User Defined Functions#

User Defined Functions (or UDFs for short) are small computational kernels for data in arrays that can be expressed in a simple subset of Python. These functions are then passed to the internal compiler in ironArray and a binary specific and optimized for the local CPU is generated. In addition, it will make use of the available SIMD hardware in the CPU for accelerating transcendental functions and other operations.

Overview#

An UDF receives windows (blocks) of data from different arrays and after some computations, it generates back another data block for being stored in a window of the output array. The out window is always the first parameter and the different inputs come later on.

The UDF uses Python annotations so as to express properties like the data types and the number of dimensions of the arguments.

The function must return an integer, 0 for success and non-zero for error.
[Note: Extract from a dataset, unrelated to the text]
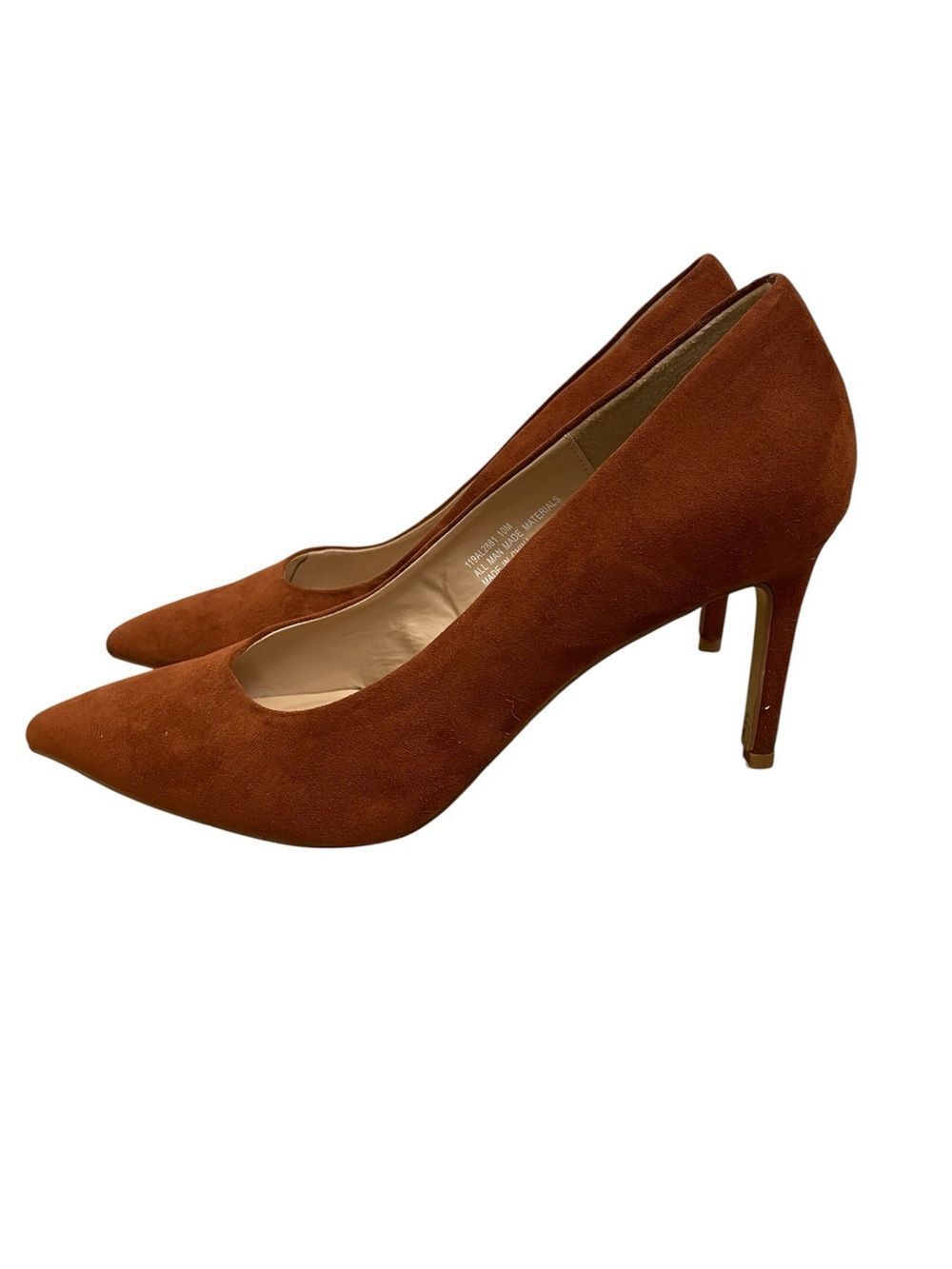 Rouge Helium Brown Faux Suede Pointed Toe Pumps Heels Women’s Size 10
The type of the return value can be annotated, but it’s not necessary as it defaults to integer (which is the only supported type).

Here it is a simple example of how this works in practice:

from iarray.udf import jit, Array, float32

@jit
def mean_with_cap(out: Array(float32, 3),
                  p1: Array(float32, 3),
                  p2: Array(float32, 3),
                  p3: Array(float32, 3)):

    l = p1.window_shape[0]
    m = p1.window_shape[1]
    n = p1.window_shape[2]

    MAX_VAL = 1e10  # this cap cannot be exceed when doing the mean
    for i in range(l):
        for j in range(m):
            for k in range(n):
                value = p1[i,j,k] + p2[i,j,k] + p3[i,j,k]
                value = value if value < MAX_VAL else 0
                out[i,j,k] = value / 3

    return 0

precip_expr = ia.expr_from_udf(mean_with_cap, [precip1, precip2, precip3])
precip_mean = precip_expr.eval()

Above we have an UDF called mean_with_cap that produces an out data block of float32 with 3 dimensions, and has 3 inputs (p1, p2, p3) also with a float32 type and 3 dimensions as well. The function returns an int as an error code (0 means success). Then, it retrieves the shape of the view of one of the inputs (ironArray guarantees that all the views in inputs and output have the same shape) and does a nested for loop for computing the mean for every value in the inputs.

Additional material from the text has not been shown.